Data segment
·····
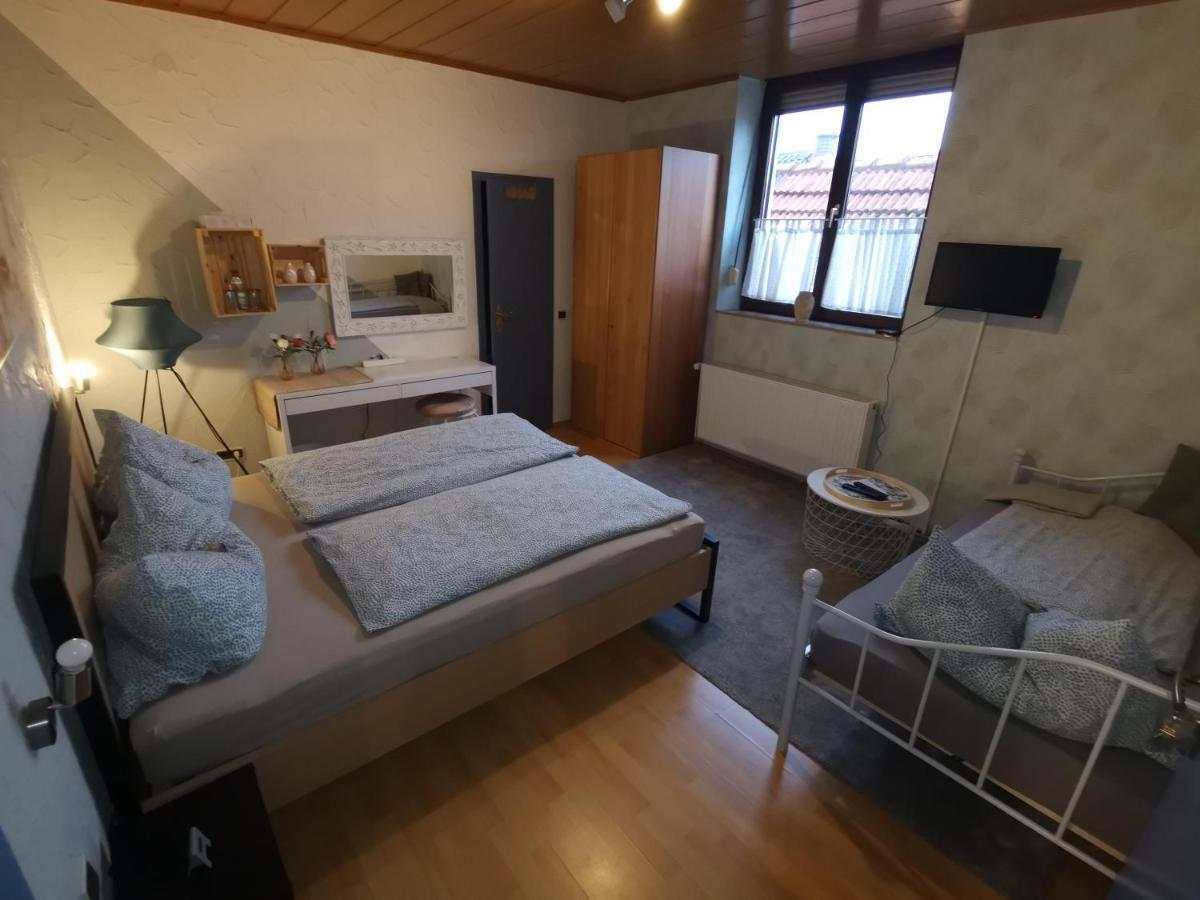 Pension Landgasthof - Iva Гаслох Екстер'єр фото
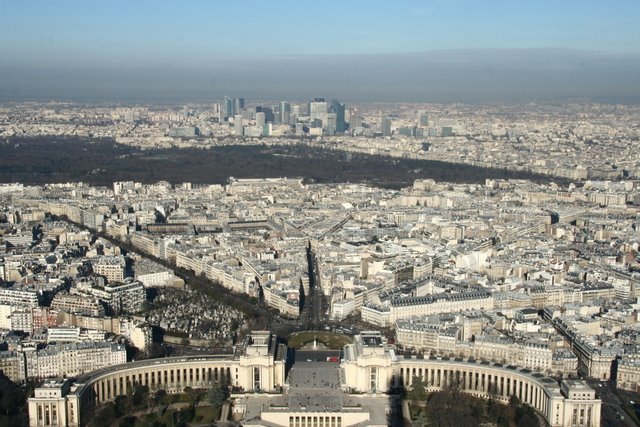 [Paris+City+from+above.JPG]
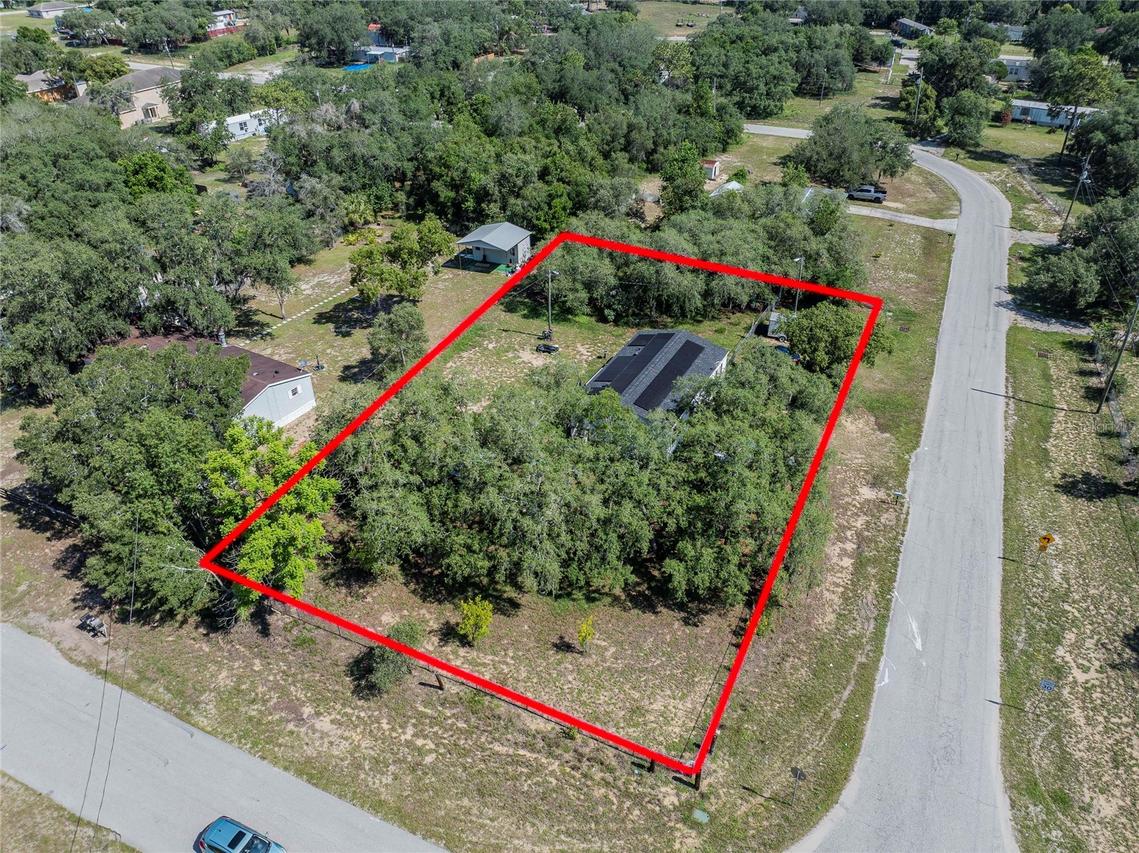 3825 Carriage Dr., Lake Wales, FL 33898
·····
Task to complete
Could you return the whole listing exactly, with every picture removed?

Response for this exercise
 Pension Landgasthof - Iva Гаслох Екстер'єр фото
 [Paris+City+from+above.JPG]
 3825 Carriage Dr., Lake Wales, FL 33898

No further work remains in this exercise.